## EXTRACTED INFORMATION
....

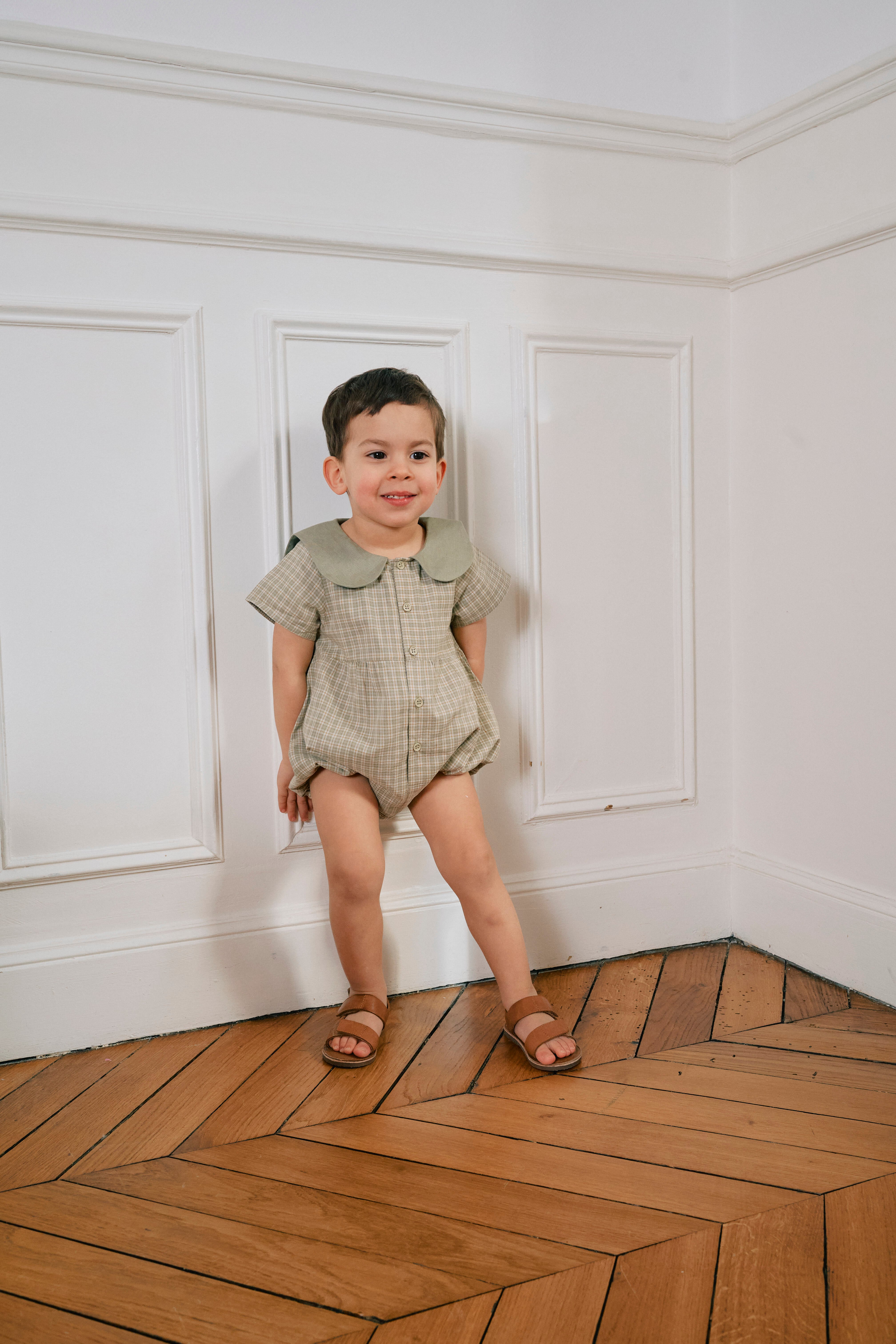 Maison Marelle ロンパース 36m Maison maisonmarelle RomperCAMBON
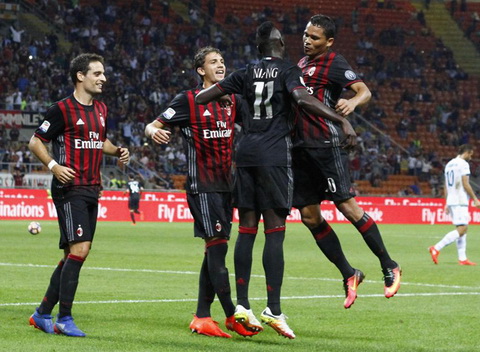 AC Milan 2-0 Lazio Tiep da hoi sinh hinh anh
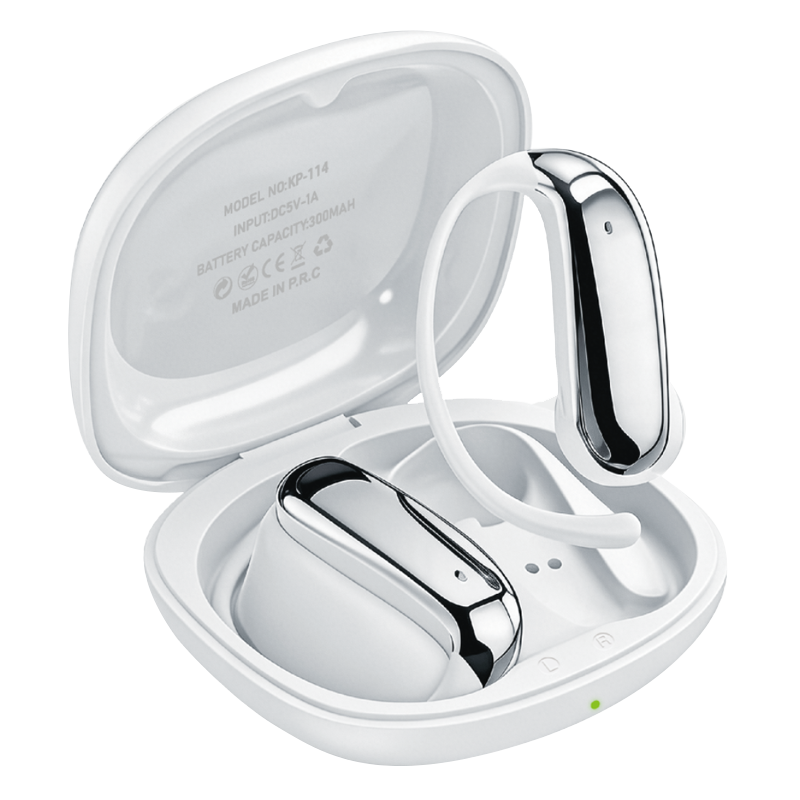 KP-114 Best-selling Wireless Bluetooth Ear-hook Headphones High-Quality Audio, Low…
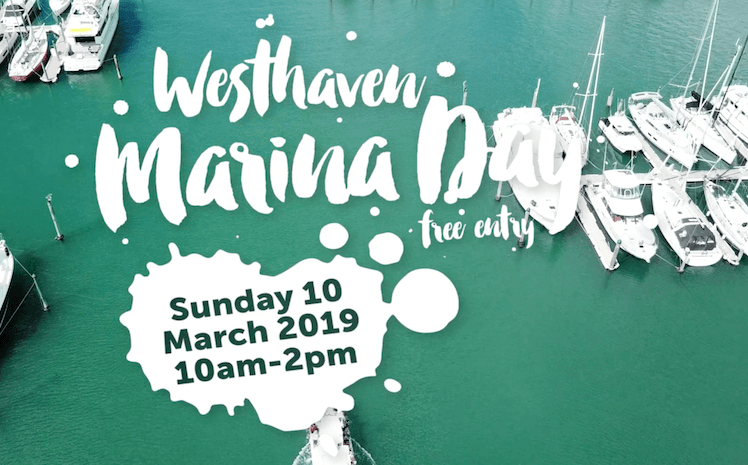 Westhaven marina day 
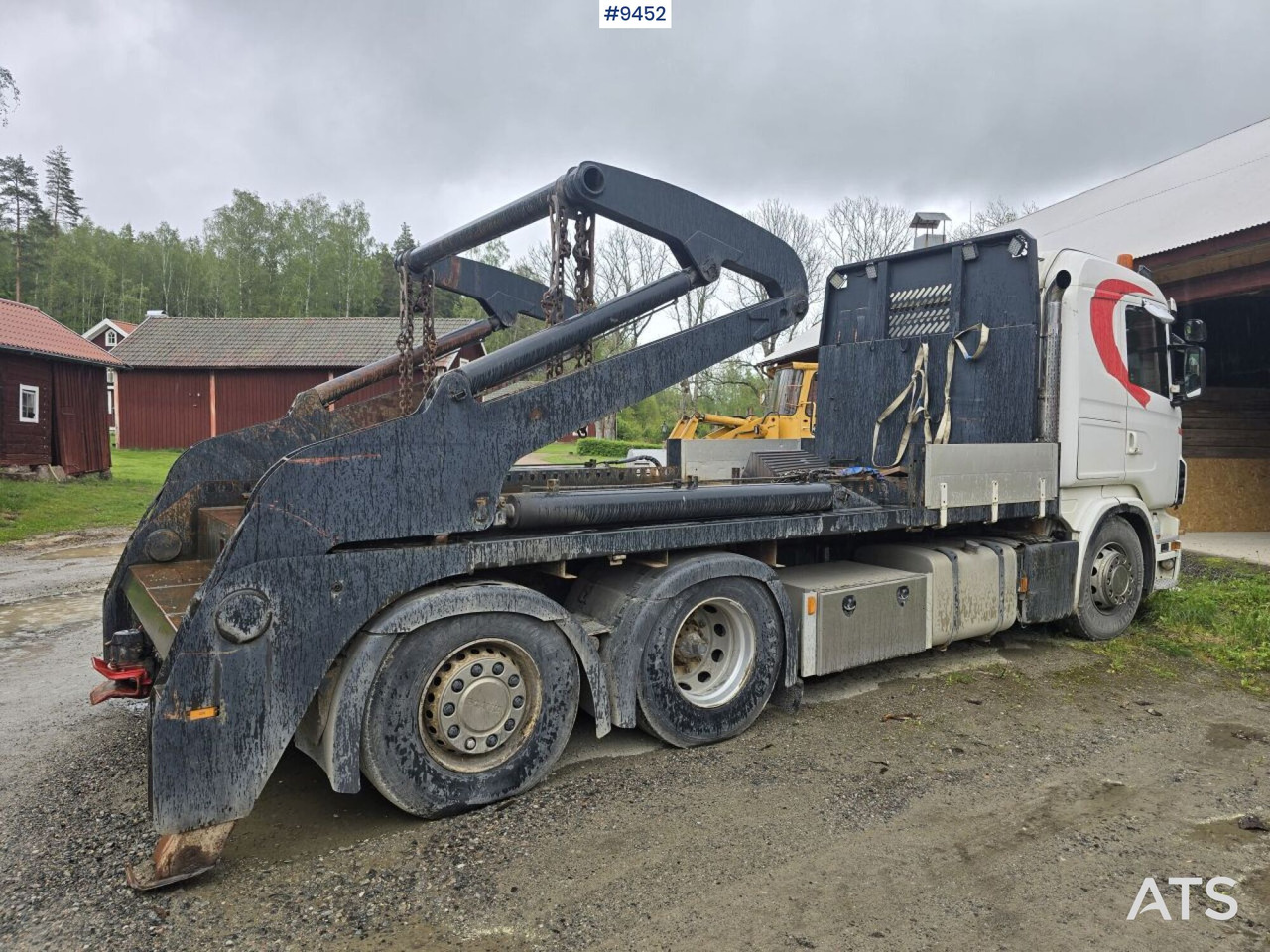 Lift Dumper Scania R420 6x2 - משאית דילוג העמסה: תמונה 4 Lift Dumper Scania R420 6x2 - משאית דילוג העמסה: תמונה 4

....

Your copy of the entries must be exact and must contain no pictures.

 Maison Marelle ロンパース 36m Maison maisonmarelle RomperCAMBON
 AC Milan 2-0 Lazio Tiep da hoi sinh hinh anh
 KP-114 Best-selling Wireless Bluetooth Ear-hook Headphones High-Quality Audio, Low…
 Westhaven marina day 
 Lift Dumper Scania R420 6x2 - משאית דילוג העמסה: תמונה 4 Lift Dumper Scania R420 6x2 - משאית דילוג העמסה: תמונה 4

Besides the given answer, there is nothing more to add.